As we dig beneath the text of Mark’s gospel and consider how he writes about the healing miracles, we find out that he has a singular approach to this aspect of Jesus’ ministry. Miracle stories (exorcisms, healings, resuscitations, and nature miracles) take up over 200 verses, a greater amount of text than is devoted to the Passion narrative, and just about half the content of the gospel prior to the arrival of Jesus in Jerusalem. Whereas in the rest of the gospels miracles are called semia, "signs," Mark calls them dynamies, in other words "works of power."

At dusk, as the Sabbath ends, people are free to move about again, and so the inhabitants of Capernaum cluster around the door of Simon and Andrew. They are hoping that the various illnesses they are presenting with will be met by the overflowing quality of the benefits that flow from the presence of the Spirit empowered stronger one. Their hopes are not in vain.

I mentioned before that we have been listening into a typical day in the life of Jesus of Nazareth. Through every part of the day he is giving out, raising people up, restoring them to new life, whether inside or outside the house he is staying in. We might note in passing that in the midst of all this activity he avoids the trap of running on empty. Rising before dawn he goes away to be by himself and commune with God. In silence he is listening to the still, small voice - tuning in to the one who is the source of all this healing energy. This is the indispensable recharging point if he is going to be able to go on having other typical days of healing and helping. We might like to quickly ask ourselves, "Do I have these oasis times with God as a regular part of my life?" It is particularly the case that when we are in fields of endeavour that require lots of talk, talk, talk, that we need regular times of listen, listen, listen.

In the weeks that follow we will be hearing about the healing ministry of Jesus in all sorts of situations, and in response to all sorts of needs. There will be a steady escalation in the depth of human misery that is tackled - a leper, a paralytic, a man with a withered limb. In steady progression these terrible scourges will be overcome as Jesus goes about bringing comfort and joy. As the sway of evil over human affairs is step by step pushed back, it is as though we are getting closer and closer to the heart of darkness.

The story that we are being drawn into has a particular destination point in mind. The narrative is being shaped in such a way that each of these stories of healing and deliverance is taking us to the foot of the cross. Mark sees what will take place there as being the most powerful act of healing imaginable for all of humankind.

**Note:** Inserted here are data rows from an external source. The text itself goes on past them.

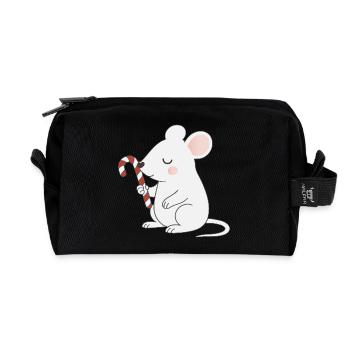 Cute Mouse with Candy Cane – Cute Cartoon - Recycled Toiletry Zip Bag - black - Front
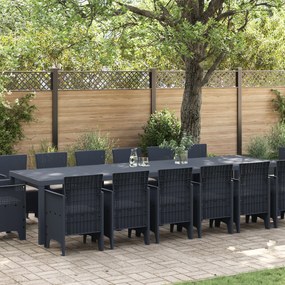 Conjunto de Jantar Jardim vidaXL 15 Peças com Almofadas Antracite Vime PE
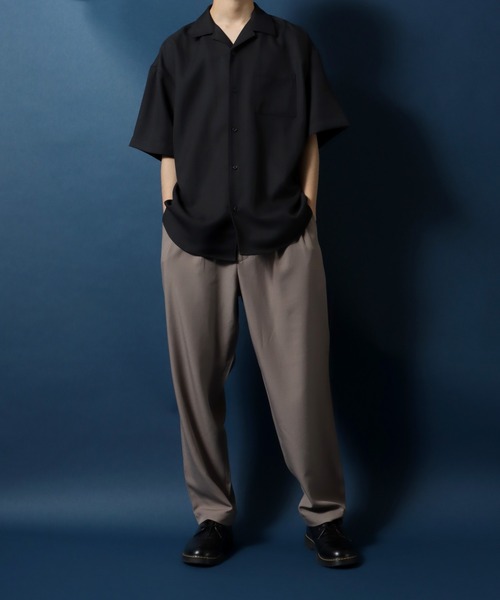 ANPAS（アンパス）の「ANPAS Twill Fabric Oversized Open Collar Shirt/ANPAS 別注 ツイル オーバーサイズ オープンカラーシャツ（シャツ/ブラウス・メンズ・ブラック/ブルー/ダークグリーン/ベージュ/ホワイト/ライトグレー・M/L）」の15枚目の写真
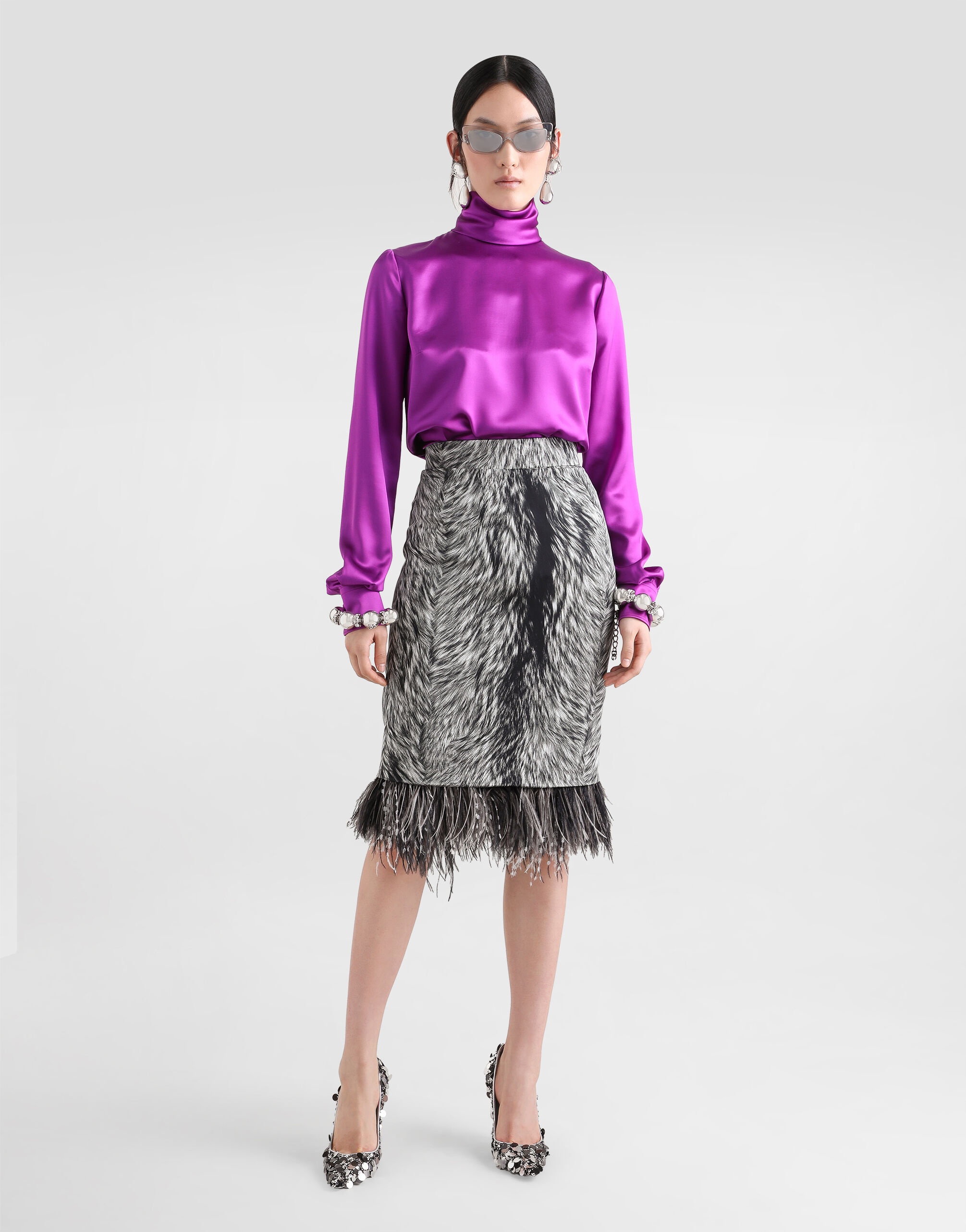Silk satin sack top with turtle-neck - 2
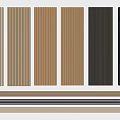 Wooden Wall Panels with Vertical Slats in Various Light and Dark Color Tones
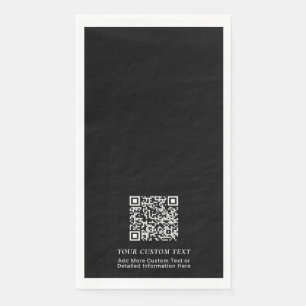 Servilleta De Papel Código QR personalizado negro simple para promoció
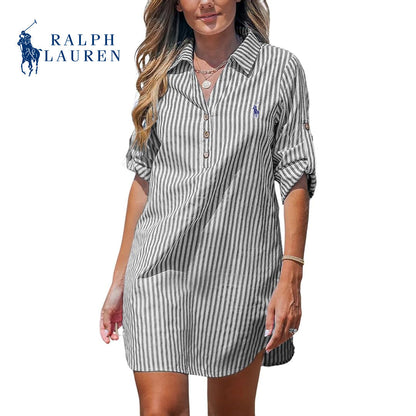 RL - Vestito Camicia Striato da Donna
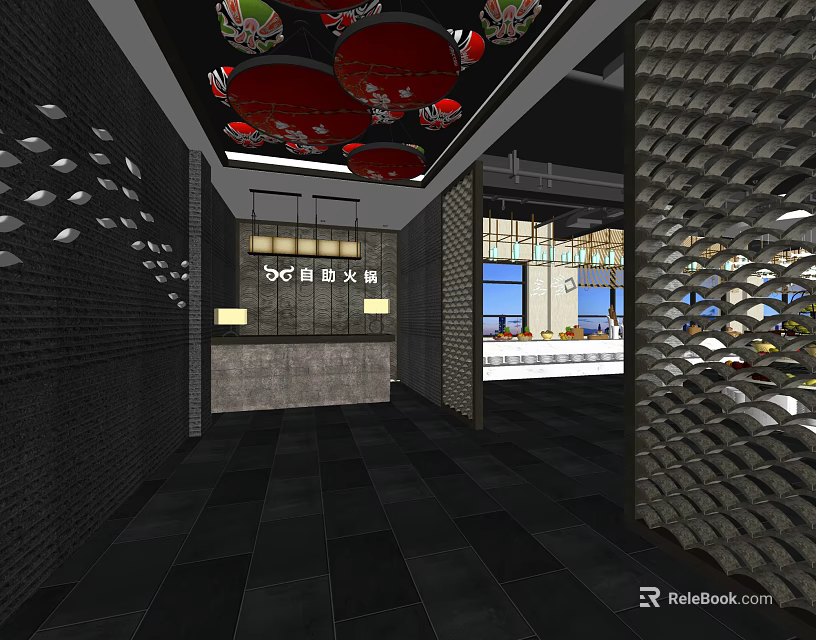 Chinese Style Hotpot Restaurant Interior With Red Decorations Front Desk And Black Walls 3d model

We have become accustomed to seeing the death and resurrection of Jesus as being about the overcoming of guilt and death. An act of healing -that is a novel thought. It means that we are brought to consider what one recent commentator has called, "the love behind the passion." What is it that brought Jesus to offer his very self as the stuff of our deliverance? It means that as the story unfolds we move from considering what he is - a healer and exorcist who goes about doing good - to the who he is - the person who confronts evil at its source and absorbs its impact in such a way that it is carried into the heart of God, where it is contained and neutralised. Jesus and God are so attuned to one another - in the continual exchange of love going on between them - that he is prepared to go to the root cause of our distress in a way that means he has gone looking for trouble.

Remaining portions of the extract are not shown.